▶ _Work request_
Set down exactly the lines from the one containing "Black Cat in" to the final line of the records below, with every picture omitted.
::: Supplied data
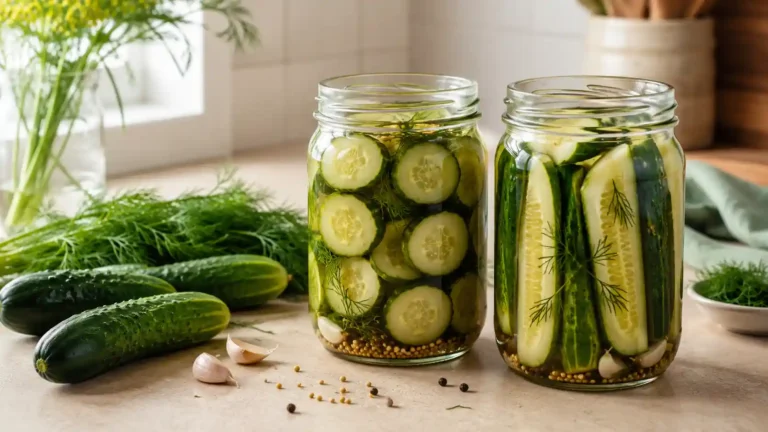 Homemade refrigerator dill pickle chips and spears in glass jars with fresh dill and clear vinegar brine.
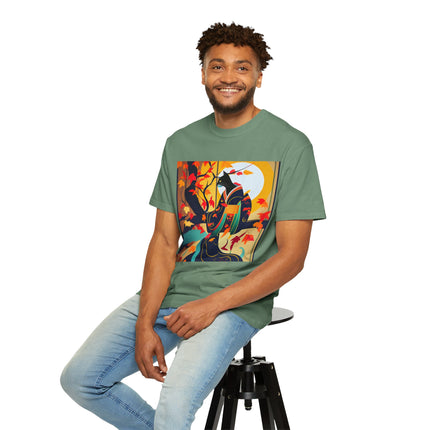 Black Cat in Kimono Unisex Garment-Dyed T-shirt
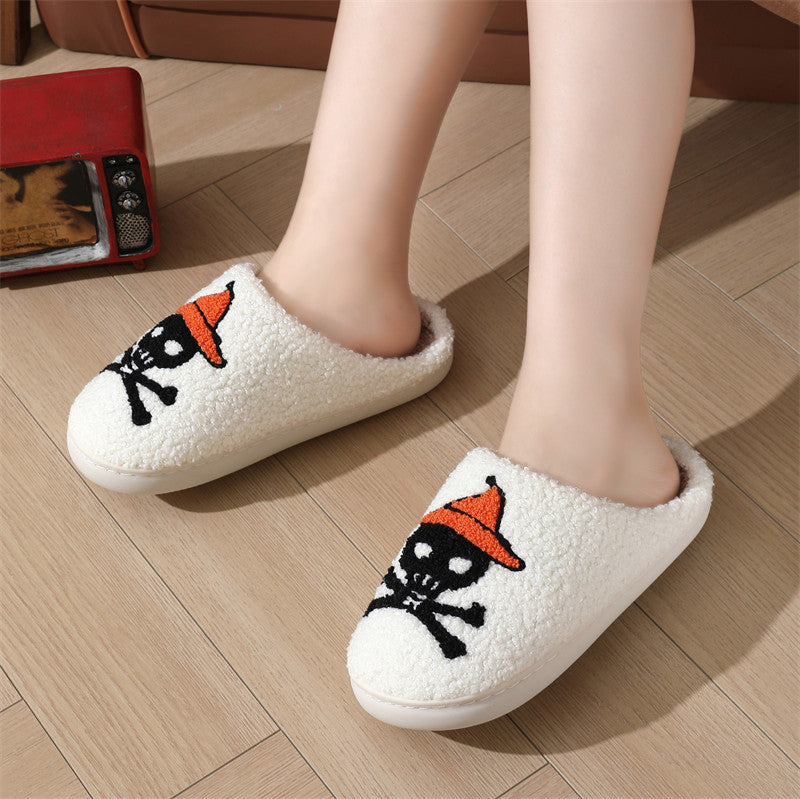 Halloween Skull Rose Slippers Winter Warm Indoor Floor Bedroom Home Slipper For Women Bests Sale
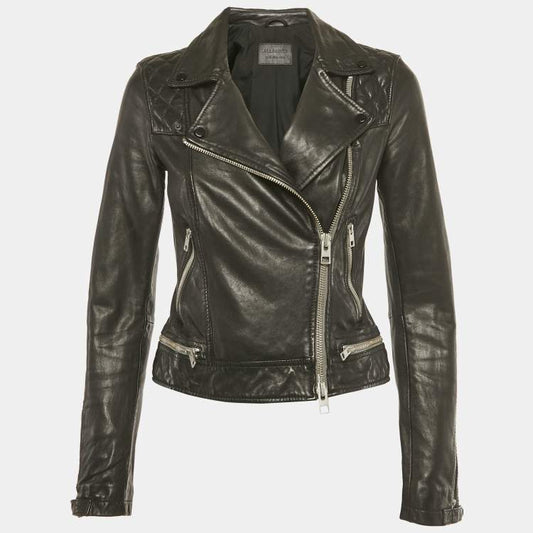 AllSaints Black Leather Biker Jacket – Women’s Size S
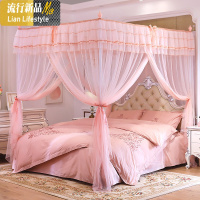 落地网红蚊帐1.2m1.2米2米1.5m1.8m床帐子家用公主风加密加厚纹账 三维工匠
::::::
▶ _Response to the exercise_
 Black Cat in Kimono Unisex Garment-Dyed T-shirt
 Halloween Skull Rose Slippers Winter Warm Indoor Floor Bedroom Home Slipper For Women Bests Sale
 AllSaints Black Leather Biker Jacket – Women’s Size S
 落地网红蚊帐1.2m1.2米2米1.5m1.8m床帐子家用公主风加密加厚纹账 三维工匠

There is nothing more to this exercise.